Cytoxan can lead to infertility by causing premature ovarian insufficiency (POI), which is when your ovaries stop working normally before age 40. This can make it harder to get pregnant, but some women with POI are able to get pregnant with fertility treatments.
If you’re concerned about your fertility or your child’s fertility, ask your doctor about ways to prevent infertility from lupus treatments.
Finding the right birth control
Birth control can help you prevent an unplanned pregnancy — and there are lots of safe and effective birth control options for people with lupus.
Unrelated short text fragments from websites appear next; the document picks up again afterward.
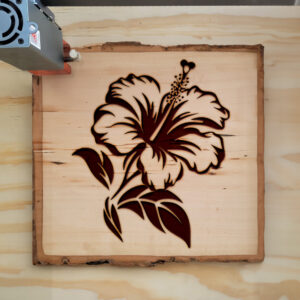 66427_wood-laser-1.jpg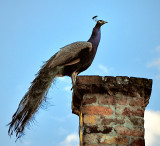 Peacock on chimney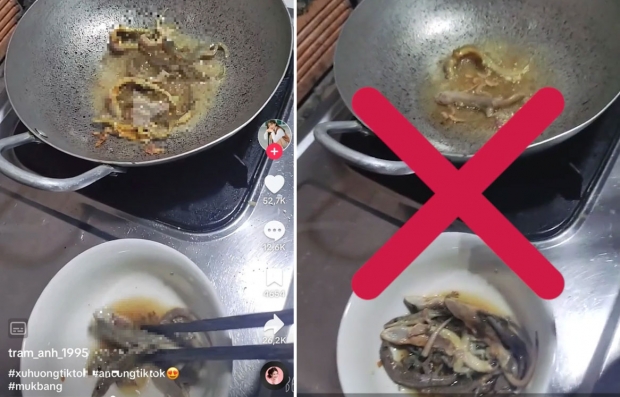 천식 치료 위해 아이에게 ‘새끼 도마뱀 튀김’ 먹이는 영상 논란 [여기는 베트남]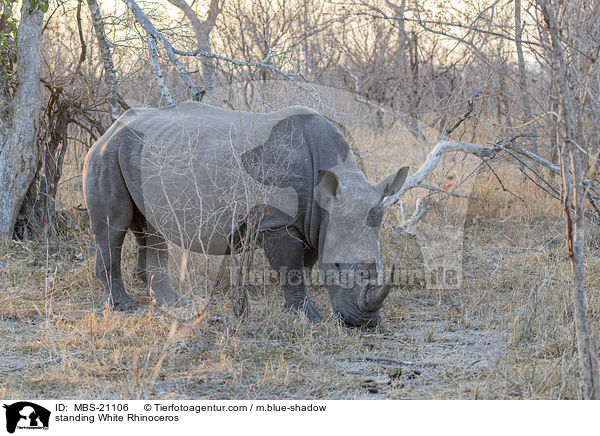 standing White Rhinoceros / MBS-21106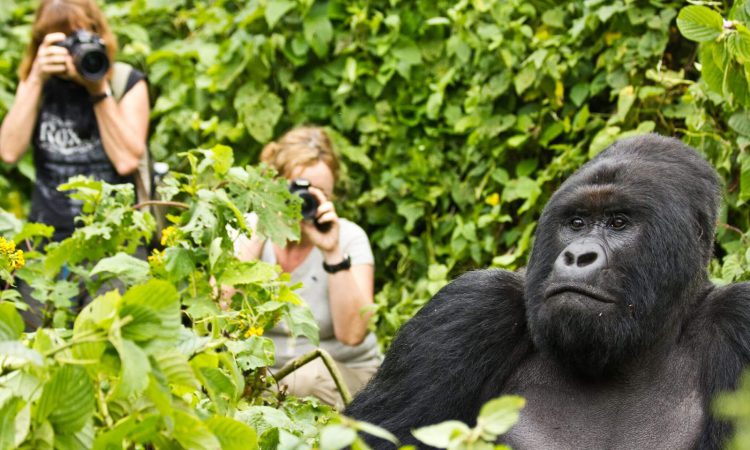 3 Days Rwanda Gorilla Safari in PNV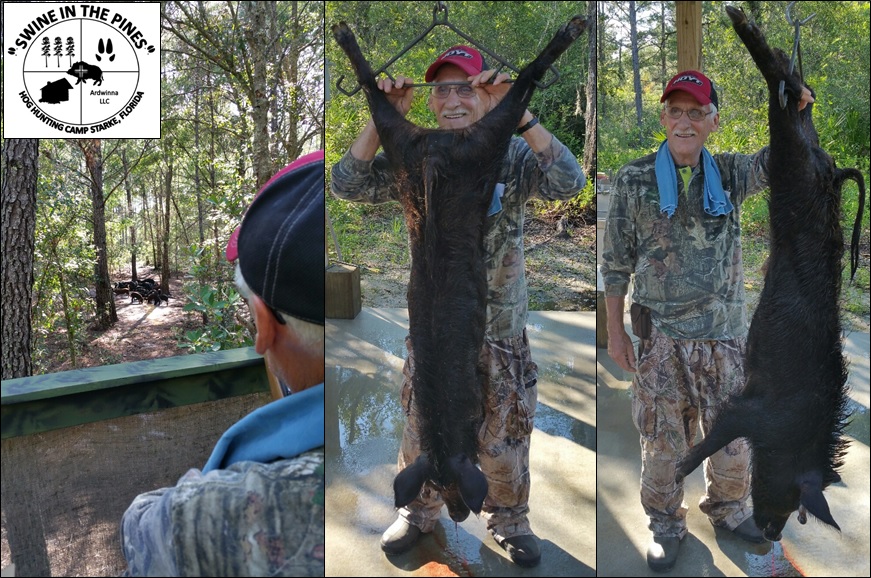 Louis took this 64lb Wild Boar at Swine In The Pines Hog Hunting Camp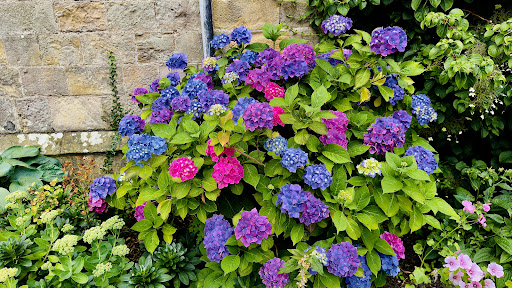 Raby Castle Park and Gardens 20250808 154742 015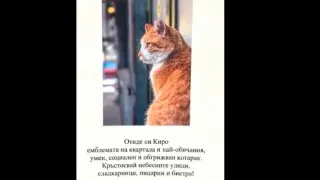 Центърът на София загуби една от емблемите си СНИМКА 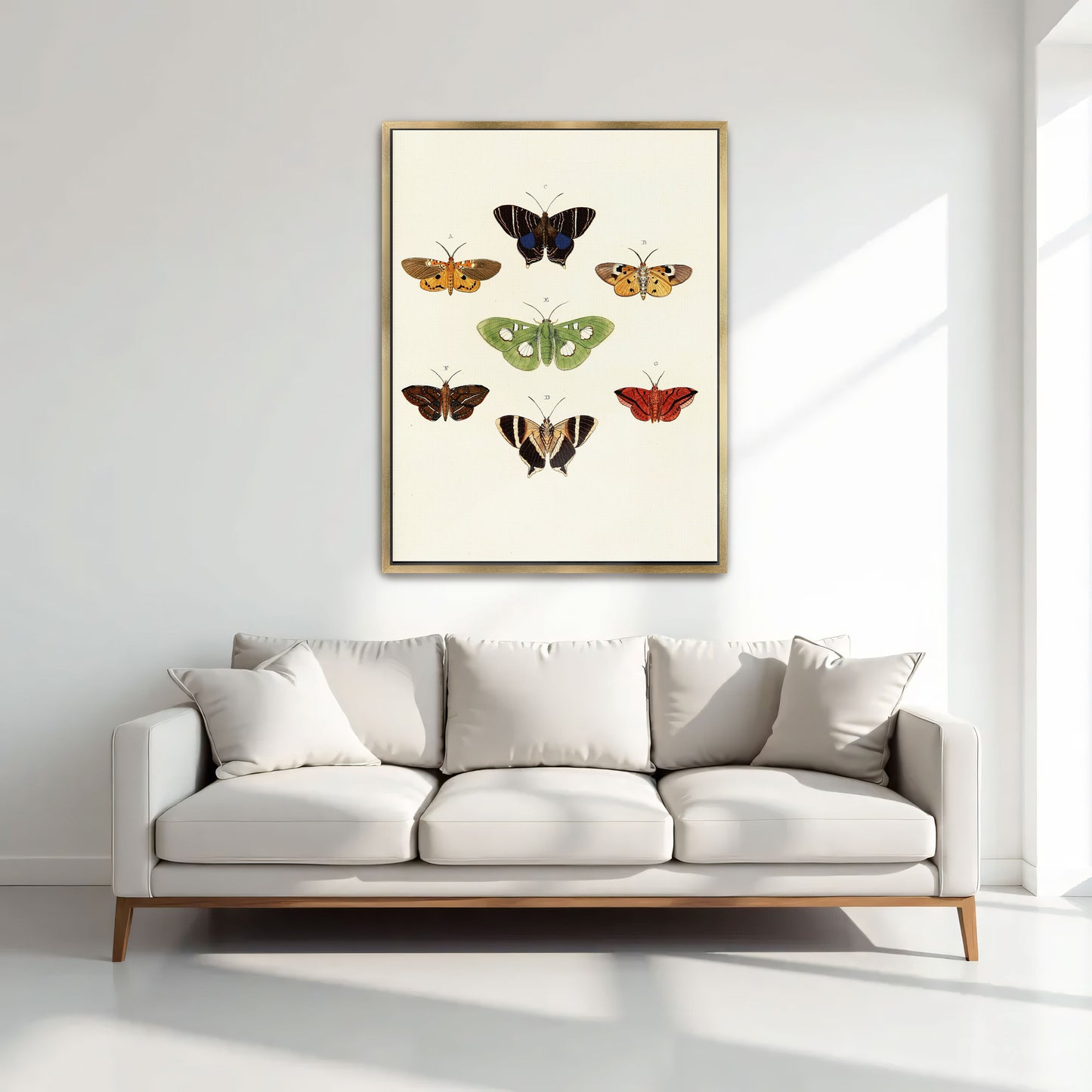 Exotic Butterflies Illustration By Pieter Cramer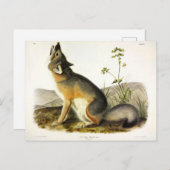 Swift Fox (Vulpes Velox) van Audubon's Quadrupeds Briefkaart (Voorkant / Achterkant)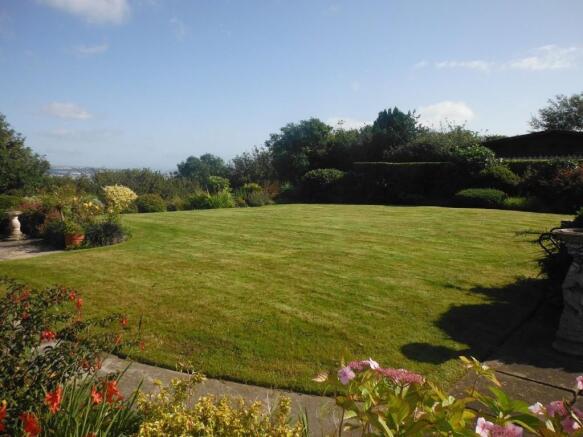 Rear view garden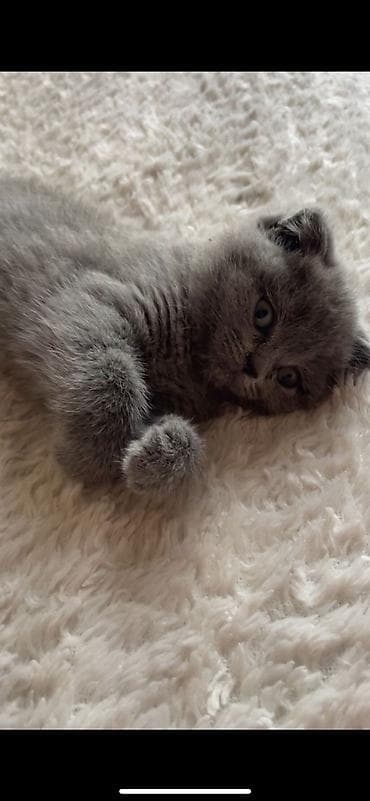 heyvan: Britan — 5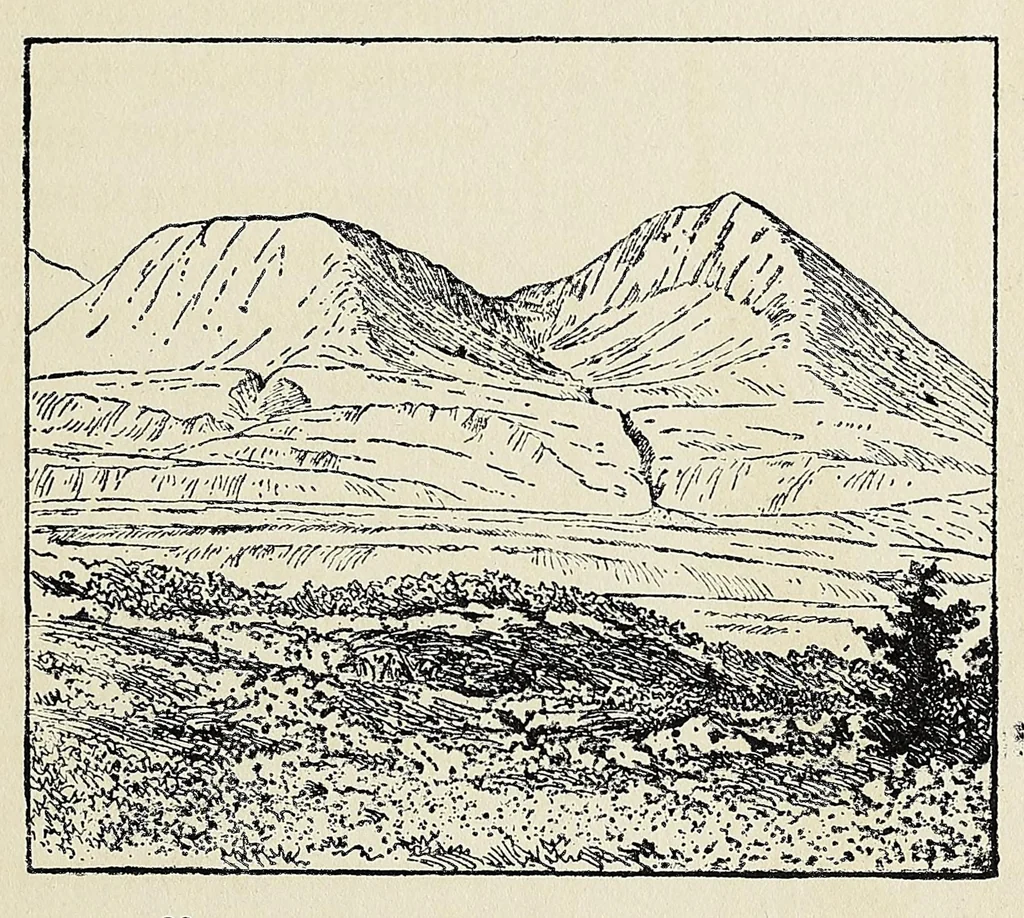 An illustration from Harriman Alaska series. vol. I-V, VIII-XIV, 1910, leaf 277
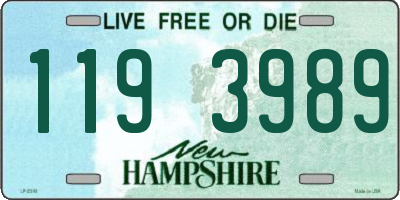 NH license plate 1193989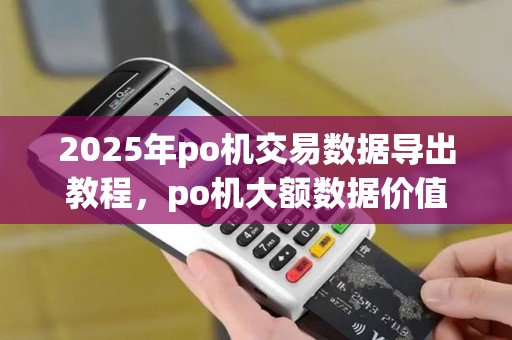 2025年po机交易数据导出教程，po机大额数据价值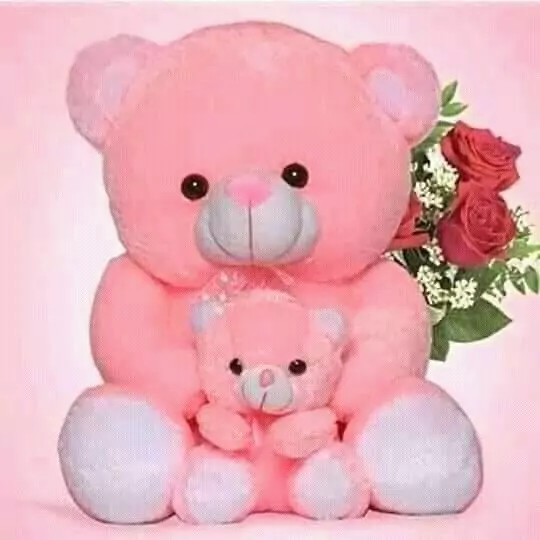 pink teddy bear images for whatsapp dp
Your doctors can help you find a method that works for you.
Can I have a healthy pregnancy with lupus?
A healthy pregnancy with lupus is possible — but lupus raises your risk for certain complications during pregnancy. If you have lupus and you’re planning to get pregnant, work with your doctors to plan a healthy pregnancy.
Talk with your doctor about your plans in advance — at least 3 to 6 months before you want to start trying to get pregnant.
Lupus and menopause
Does lupus cause early menopause?
Menopause is the time in life when your period stops. It’s possible that lupus or your lupus treatments could cause you to start menopause early. But the average age when women start menopause (age 45-50) is often the same for women with lupus and women without lupus.
Are my symptoms from lupus or menopause?
Some symptoms of menopause — like hot flashes and body aches — can be similar to symptoms of lupus. Talk to your doctor to figure out whether your symptoms are from menopause or lupus — and how to manage them.
How does lupus affect menopause?
All women experience menopause differently — including women with lupus. Menopause may help ease lupus symptoms in some women, but experts aren’t sure.
Some women take hormone replacement therapy (HRT) to treat menopause symptoms, like severe hot flashes. But if you have lupus, HRT may raise your risk of flares and blood clots. Talk with your doctor about whether HRT is an option for you.
It’s important to monitor your bone health when you have lupus. Osteoporosis (weak bones) is more common in women, and the risk increases after menopause. Steroids also raise your risk for osteoporosis and fractures. You can protect your bone health by staying active, taking calcium supplements, and getting regular bone density scans. If you have osteoporosis, talk to your doctor about treatment options.